*** AVAILABLE DATA Section Begins ***

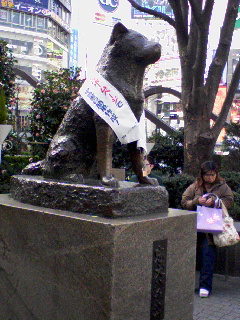 ハチ公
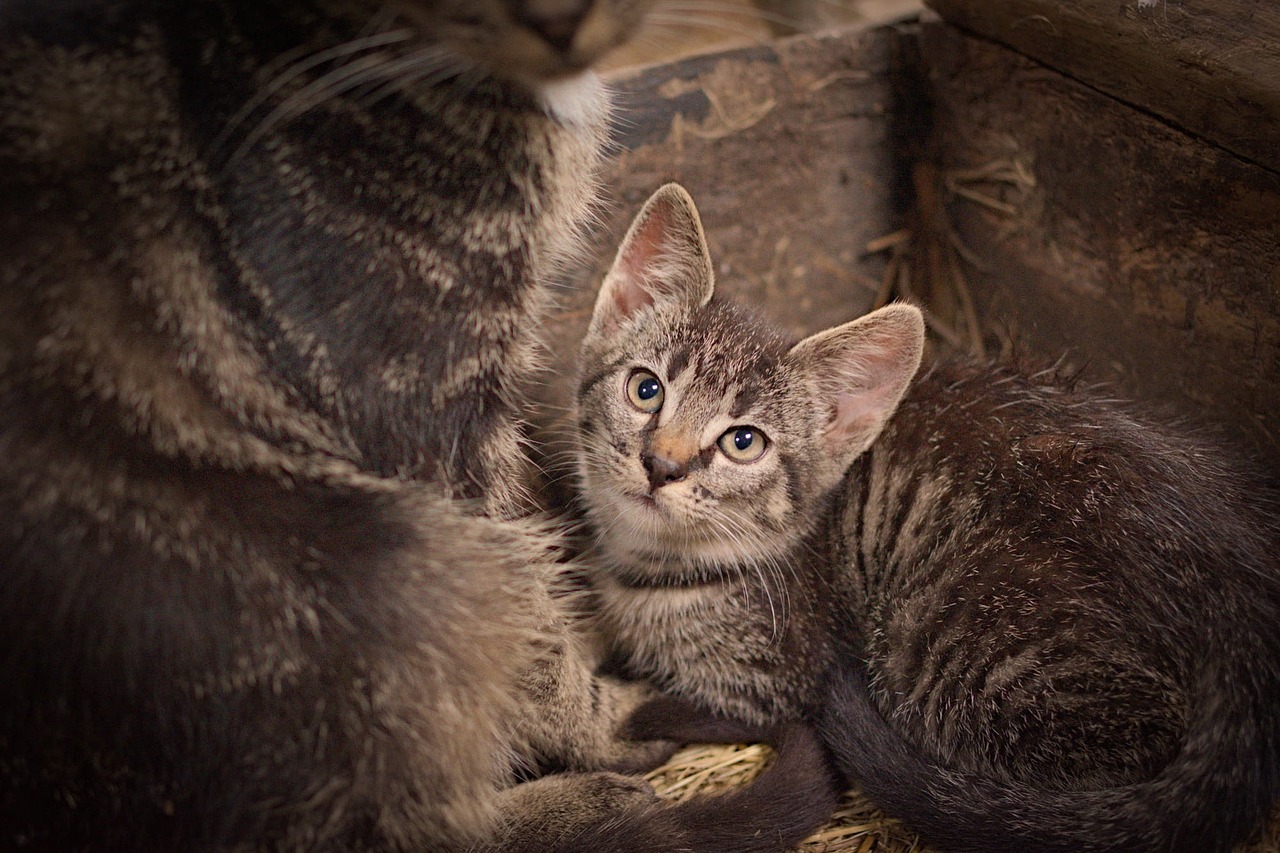 cat mammal cute free photo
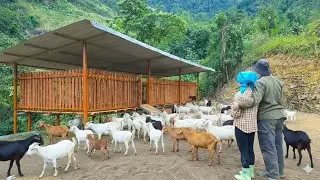 Finally finished: admiring the results of Phan & Chieu's goat shed construction project.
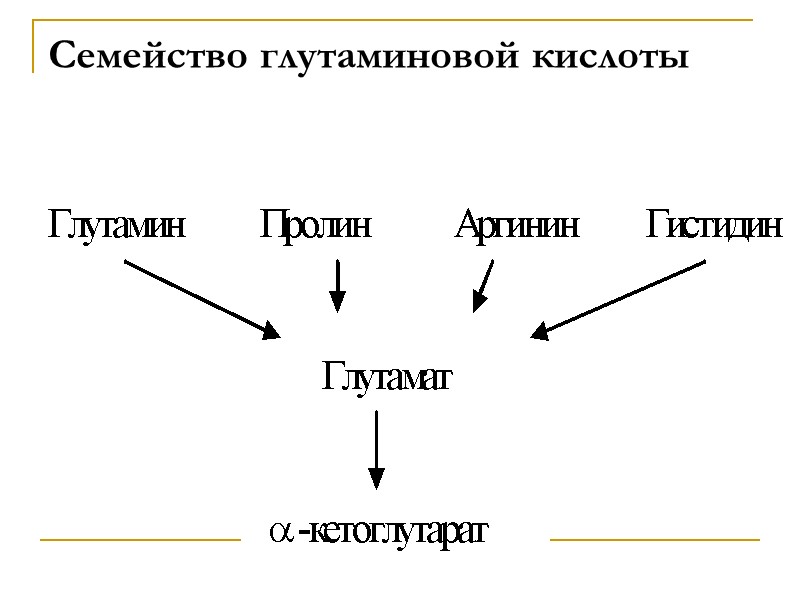 Семейство глутаминовой кислоты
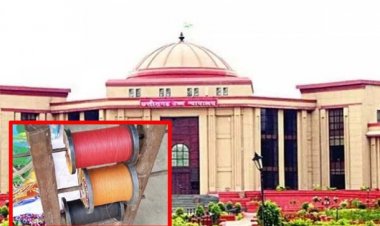 छत्तीसगढ़ में चाइनीज मांझा को लेकर हाईकोर्ट हुआ सख्त, मुख्य सचिव को नोटिस जारी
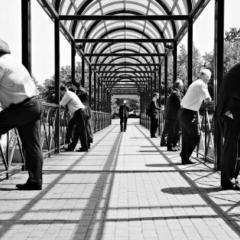 Bridge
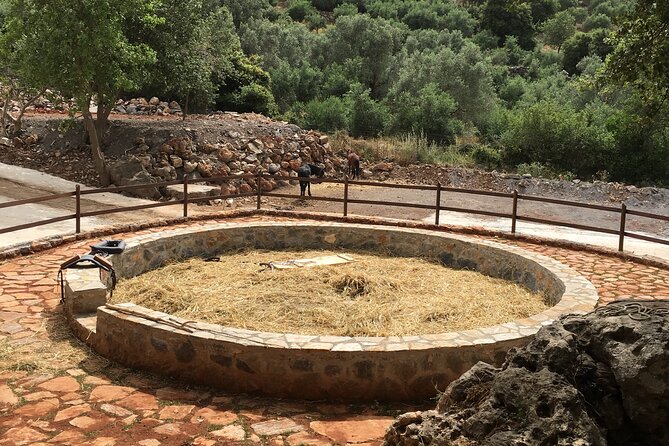RTH01. Explore Shepherd's Hut and Cheese Making Process - Cretan Cuisine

*** AVAILABLE DATA Section Ends ***

## TASK DIRECTIONS
Here the job is to print all the data exactly, skipping any image.

## EXERCISE RESULT
 ハチ公
 cat mammal cute free photo
 Finally finished: admiring the results of Phan & Chieu's goat shed construction project.
 Семейство глутаминовой кислоты
 छत्तीसगढ़ में चाइनीज मांझा को लेकर हाईकोर्ट हुआ सख्त, मुख्य सचिव को नोटिस जारी
 Bridge
RTH01. Explore Shepherd's Hut and Cheese Making Process - Cretan Cuisine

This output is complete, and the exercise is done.